When a teacher leaves, she has the option of taking her retirement contributions with her or leaving them in the system. Most pension plans assume that 100 percent of teachers who do not qualify for a pension who leave the system will take their contributions with them (even though this is not always the case). But for a teacher who does qualify for a pension (a vested teacher), the odds of her taking her contributions as an immediate cash payment or waiting for a pension upon retirement are a bit more mixed.
We searched public pension plan documents to find what happens to departing teacher contributions. Do they roll over their funds into another retirement account? Do they cash the money out and use it for something else (called “leakage”)? We ultimately failed to find this type of information--plans don't track what happens after teachers leave them--but we did find some data on how frequently vested teachers cash out. From our scan of state pension documents we found that:
- The District of Columbia Retirement Board (DCRB) assumes 35 percent vested teachers who leave will withdraw their contributions.
- California State Teacher Retirement System (CalSTRS) assumes 29-34 percent of vested female teachers with 10 years of service will withdraw their contributions, depending on their age.
- Idaho Public Employees Retirement System (IPERS) assumes 6 percent of 25-year-old vested females who leave will withdraw their contributions, and 15 percent of 45-year-old vested female who leave will withdraw their contributions. Idaho's assumptions include teachers and other public sector workers.
Additionally, all plans itemize the total dollar amount of their refunds. CalSTRS reported over $100 million in refunded contributions to departing teachers. Compare this to the amount spent on the cost of administering CalSTRS ($139 million) and the system’s total benefits payments ($11 billion). The District of Columbia reported $5.3 million in refunds to teachers. Virginia reported 8,530 withdrawals totaling $81.5 million to teachers and other public sector workers (or an average of $9,555 per worker). Kansas reported 9,500 withdrawals totaling $48 million to teachers and other public sector workers (or an average of $5,052 per worker). Many of these withdrawals are considerably smaller than they would be in the private sector or if teachers had access to their employer's contributions.

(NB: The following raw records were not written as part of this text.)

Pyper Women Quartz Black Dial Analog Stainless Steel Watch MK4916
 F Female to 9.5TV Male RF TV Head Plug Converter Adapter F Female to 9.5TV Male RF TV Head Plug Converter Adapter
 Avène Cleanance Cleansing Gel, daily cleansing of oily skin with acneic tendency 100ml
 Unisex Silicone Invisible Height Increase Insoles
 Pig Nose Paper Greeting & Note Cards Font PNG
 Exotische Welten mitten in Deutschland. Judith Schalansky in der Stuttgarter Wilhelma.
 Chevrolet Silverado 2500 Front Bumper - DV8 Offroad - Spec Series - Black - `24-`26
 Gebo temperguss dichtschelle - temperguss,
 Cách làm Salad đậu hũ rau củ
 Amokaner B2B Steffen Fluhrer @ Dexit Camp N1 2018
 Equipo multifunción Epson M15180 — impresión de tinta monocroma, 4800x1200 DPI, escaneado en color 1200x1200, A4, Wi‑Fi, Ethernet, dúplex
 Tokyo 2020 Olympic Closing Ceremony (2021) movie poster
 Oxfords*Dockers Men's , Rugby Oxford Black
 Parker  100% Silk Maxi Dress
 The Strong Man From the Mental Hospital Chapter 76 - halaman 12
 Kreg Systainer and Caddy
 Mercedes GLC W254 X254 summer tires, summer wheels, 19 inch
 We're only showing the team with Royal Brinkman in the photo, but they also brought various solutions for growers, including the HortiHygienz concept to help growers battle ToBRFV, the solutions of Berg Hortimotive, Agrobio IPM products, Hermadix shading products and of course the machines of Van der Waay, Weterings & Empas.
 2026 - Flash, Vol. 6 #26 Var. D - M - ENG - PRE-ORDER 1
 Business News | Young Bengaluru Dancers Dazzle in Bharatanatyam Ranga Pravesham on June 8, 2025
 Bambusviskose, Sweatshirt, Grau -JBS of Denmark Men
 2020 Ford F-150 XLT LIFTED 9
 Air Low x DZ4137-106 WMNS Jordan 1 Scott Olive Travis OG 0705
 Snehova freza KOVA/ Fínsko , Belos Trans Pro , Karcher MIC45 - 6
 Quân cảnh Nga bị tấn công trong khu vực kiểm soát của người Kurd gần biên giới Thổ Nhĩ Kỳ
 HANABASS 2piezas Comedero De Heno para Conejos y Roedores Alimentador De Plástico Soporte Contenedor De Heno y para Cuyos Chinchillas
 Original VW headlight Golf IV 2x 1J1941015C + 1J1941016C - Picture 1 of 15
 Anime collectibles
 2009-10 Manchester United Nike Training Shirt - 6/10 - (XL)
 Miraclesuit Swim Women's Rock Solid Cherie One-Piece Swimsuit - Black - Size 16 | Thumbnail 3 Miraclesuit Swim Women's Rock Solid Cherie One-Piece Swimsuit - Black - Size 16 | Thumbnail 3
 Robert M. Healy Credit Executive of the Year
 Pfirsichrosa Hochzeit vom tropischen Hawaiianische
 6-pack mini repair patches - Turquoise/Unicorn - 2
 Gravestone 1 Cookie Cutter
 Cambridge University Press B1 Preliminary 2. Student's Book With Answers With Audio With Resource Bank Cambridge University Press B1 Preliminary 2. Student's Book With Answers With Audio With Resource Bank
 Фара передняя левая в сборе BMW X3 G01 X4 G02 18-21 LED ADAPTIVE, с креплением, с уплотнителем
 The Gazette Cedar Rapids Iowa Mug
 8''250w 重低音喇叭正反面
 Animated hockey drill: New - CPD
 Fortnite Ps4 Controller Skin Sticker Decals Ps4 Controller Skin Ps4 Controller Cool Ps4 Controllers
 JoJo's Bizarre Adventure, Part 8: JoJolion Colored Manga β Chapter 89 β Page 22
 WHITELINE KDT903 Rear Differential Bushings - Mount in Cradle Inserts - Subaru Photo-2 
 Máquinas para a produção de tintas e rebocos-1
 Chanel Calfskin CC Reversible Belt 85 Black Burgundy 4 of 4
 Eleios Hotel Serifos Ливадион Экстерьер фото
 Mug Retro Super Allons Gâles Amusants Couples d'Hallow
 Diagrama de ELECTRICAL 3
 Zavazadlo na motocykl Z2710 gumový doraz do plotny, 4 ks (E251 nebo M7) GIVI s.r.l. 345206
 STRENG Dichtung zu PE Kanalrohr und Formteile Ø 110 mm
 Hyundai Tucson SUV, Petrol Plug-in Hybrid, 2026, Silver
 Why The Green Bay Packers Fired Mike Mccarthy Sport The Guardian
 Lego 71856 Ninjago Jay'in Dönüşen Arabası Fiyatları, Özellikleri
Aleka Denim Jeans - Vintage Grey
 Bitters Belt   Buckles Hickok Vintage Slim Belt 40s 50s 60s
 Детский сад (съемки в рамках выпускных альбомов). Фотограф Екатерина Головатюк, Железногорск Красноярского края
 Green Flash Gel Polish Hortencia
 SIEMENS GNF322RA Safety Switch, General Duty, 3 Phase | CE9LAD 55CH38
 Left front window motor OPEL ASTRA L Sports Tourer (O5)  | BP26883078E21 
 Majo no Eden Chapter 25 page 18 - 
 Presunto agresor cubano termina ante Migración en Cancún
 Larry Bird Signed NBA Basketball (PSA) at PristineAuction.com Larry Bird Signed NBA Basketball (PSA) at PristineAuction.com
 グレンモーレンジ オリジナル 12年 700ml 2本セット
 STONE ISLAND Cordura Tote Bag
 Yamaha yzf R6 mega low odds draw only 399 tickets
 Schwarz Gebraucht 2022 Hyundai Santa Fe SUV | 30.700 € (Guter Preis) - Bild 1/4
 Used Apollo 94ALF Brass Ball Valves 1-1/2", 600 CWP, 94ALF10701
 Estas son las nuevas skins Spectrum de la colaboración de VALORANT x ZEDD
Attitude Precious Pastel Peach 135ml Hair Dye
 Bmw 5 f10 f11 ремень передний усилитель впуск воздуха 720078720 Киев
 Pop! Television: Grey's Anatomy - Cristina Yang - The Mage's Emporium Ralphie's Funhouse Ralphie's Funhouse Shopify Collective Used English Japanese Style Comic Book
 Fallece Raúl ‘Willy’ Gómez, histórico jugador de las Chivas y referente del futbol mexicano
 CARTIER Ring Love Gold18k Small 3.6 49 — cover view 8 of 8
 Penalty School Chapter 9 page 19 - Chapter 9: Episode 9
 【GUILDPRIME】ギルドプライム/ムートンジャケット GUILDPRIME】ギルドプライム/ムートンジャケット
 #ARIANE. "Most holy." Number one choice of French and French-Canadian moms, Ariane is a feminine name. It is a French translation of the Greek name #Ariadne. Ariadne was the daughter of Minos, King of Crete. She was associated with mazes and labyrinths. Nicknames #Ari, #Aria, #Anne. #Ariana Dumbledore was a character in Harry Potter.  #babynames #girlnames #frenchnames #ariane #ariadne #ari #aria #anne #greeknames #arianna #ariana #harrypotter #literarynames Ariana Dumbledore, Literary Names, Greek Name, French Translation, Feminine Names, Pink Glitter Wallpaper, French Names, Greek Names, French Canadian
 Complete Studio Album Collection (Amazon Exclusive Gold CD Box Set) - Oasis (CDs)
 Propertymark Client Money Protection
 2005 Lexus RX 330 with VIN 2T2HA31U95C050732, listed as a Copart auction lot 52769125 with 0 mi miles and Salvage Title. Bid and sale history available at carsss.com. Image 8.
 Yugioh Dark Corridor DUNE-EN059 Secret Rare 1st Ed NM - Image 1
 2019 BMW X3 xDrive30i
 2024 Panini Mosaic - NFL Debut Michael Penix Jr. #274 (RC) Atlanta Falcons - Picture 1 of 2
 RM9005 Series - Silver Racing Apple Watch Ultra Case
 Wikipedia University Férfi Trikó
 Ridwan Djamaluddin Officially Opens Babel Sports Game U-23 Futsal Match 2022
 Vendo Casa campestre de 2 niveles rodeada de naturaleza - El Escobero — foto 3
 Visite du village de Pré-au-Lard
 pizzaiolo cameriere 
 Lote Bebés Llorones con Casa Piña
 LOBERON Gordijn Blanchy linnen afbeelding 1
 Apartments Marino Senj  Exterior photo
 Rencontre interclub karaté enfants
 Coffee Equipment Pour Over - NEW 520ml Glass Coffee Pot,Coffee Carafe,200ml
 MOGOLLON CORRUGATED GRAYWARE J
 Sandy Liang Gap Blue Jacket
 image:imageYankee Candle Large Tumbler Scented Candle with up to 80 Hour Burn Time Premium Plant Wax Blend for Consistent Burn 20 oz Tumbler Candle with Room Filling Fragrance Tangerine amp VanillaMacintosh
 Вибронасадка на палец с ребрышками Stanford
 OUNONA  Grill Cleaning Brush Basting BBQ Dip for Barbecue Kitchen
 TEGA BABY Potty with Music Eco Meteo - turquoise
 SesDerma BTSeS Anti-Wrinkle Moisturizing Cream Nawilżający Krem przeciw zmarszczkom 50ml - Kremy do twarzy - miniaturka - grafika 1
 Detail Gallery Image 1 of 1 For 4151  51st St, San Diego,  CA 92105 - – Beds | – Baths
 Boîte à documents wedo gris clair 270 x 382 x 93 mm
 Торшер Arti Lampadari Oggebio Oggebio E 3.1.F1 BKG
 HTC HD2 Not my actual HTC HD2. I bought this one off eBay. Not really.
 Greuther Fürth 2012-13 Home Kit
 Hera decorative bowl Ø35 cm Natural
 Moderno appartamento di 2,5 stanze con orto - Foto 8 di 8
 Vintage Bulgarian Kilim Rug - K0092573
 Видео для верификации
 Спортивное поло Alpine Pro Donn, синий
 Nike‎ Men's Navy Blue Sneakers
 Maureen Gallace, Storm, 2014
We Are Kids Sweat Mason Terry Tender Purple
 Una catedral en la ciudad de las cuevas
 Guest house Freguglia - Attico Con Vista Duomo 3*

These data points indicate that there are teachers who are eligible for a pension but, for whatever reason, choose not to take it. Pension plans don’t track what happens to withdrawn contributions, so we don’t know exactly why these teachers are choosing to forgo their pensions. They could be cashing out the funds for personal use or rolling over the funds to another retirement account. If teachers are choosing to cash out, however, they will face costly “leakage” tax penalties for withdrawing funds for non-retirement purposes (a growing problem in the private sector). Ideally, it would be useful to know the percentage of non-vested who leave their contributions behind. Pension plans, however, usually assume that all non-vested teachers take their contributions and only report the likelihood that vested teachers withdraw contributions. Pension plans could guide individual teachers through their choices and how they could best maximize their retirement savings.